> _Problem description_: All lines from the start of the listing below through the line containing "Ngành dầu cọ Malaysia gặp thách thức lớn" are to be written out again exactly, and no others.

> _Information supplied_:

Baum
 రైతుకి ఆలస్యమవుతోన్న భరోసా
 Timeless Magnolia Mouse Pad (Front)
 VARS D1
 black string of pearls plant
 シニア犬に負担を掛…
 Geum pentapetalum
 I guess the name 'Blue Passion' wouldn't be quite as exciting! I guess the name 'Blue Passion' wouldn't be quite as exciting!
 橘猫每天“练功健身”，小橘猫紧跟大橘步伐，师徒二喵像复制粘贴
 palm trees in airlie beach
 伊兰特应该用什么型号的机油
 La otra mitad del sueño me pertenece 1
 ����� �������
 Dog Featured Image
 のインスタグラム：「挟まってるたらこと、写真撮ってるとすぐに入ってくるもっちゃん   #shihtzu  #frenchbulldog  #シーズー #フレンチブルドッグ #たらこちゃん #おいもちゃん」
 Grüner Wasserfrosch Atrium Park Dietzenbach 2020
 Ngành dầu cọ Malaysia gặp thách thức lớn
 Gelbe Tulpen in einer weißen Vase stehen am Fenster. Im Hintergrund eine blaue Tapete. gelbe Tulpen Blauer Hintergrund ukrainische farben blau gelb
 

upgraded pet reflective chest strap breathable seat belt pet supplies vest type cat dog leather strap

> _Your response_:
Baum
 రైతుకి ఆలస్యమవుతోన్న భరోసా
 Timeless Magnolia Mouse Pad (Front)
 VARS D1
 black string of pearls plant
 シニア犬に負担を掛…
 Geum pentapetalum
 I guess the name 'Blue Passion' wouldn't be quite as exciting! I guess the name 'Blue Passion' wouldn't be quite as exciting!
 橘猫每天“练功健身”，小橘猫紧跟大橘步伐，师徒二喵像复制粘贴
 palm trees in airlie beach
 伊兰特应该用什么型号的机油
 La otra mitad del sueño me pertenece 1
 ����� �������
 Dog Featured Image
 のインスタグラム：「挟まってるたらこと、写真撮ってるとすぐに入ってくるもっちゃん   #shihtzu  #frenchbulldog  #シーズー #フレンチブルドッグ #たらこちゃん #おいもちゃん」
 Grüner Wasserfrosch Atrium Park Dietzenbach 2020
 Ngành dầu cọ Malaysia gặp thách thức lớn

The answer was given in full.